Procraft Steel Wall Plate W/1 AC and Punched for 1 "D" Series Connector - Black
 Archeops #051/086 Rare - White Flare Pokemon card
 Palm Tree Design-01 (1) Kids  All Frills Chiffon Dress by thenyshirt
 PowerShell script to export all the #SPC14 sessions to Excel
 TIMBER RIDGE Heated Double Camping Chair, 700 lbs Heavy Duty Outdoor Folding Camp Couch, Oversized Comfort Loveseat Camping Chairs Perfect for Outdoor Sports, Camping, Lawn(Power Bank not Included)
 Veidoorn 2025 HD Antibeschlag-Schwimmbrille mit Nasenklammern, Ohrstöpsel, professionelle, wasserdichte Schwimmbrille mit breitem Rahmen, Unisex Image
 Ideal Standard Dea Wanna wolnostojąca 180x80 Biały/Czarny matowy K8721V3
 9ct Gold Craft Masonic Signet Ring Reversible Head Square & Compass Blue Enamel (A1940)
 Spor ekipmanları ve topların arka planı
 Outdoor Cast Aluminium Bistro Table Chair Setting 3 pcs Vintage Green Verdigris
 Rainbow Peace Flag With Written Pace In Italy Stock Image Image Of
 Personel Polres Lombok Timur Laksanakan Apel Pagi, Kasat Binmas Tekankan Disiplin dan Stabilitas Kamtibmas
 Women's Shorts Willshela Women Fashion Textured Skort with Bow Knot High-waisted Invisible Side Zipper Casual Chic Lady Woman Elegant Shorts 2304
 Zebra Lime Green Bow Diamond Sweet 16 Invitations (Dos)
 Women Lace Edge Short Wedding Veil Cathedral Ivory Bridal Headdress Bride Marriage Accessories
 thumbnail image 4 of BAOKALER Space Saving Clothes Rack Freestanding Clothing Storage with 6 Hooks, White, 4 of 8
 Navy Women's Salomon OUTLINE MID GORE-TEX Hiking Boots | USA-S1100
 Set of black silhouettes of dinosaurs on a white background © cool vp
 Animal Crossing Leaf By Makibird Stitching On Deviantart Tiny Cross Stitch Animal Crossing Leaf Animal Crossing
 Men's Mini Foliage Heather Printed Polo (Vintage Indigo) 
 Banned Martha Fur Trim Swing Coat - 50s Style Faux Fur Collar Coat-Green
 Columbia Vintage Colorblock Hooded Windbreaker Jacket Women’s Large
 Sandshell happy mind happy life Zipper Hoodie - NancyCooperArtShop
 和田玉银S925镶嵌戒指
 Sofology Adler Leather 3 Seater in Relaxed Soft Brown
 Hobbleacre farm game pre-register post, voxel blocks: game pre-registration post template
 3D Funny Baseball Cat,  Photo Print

— WHAT YOU HAVE TO DO —
Lines from the top of the data above through the line containing "PowerShell script to" must be repeated exactly. All other lines stay out.

— REPLY TO THE EXERCISE —
Procraft Steel Wall Plate W/1 AC and Punched for 1 "D" Series Connector - Black
 Archeops #051/086 Rare - White Flare Pokemon card
 Palm Tree Design-01 (1) Kids  All Frills Chiffon Dress by thenyshirt
 PowerShell script to export all the #SPC14 sessions to Excel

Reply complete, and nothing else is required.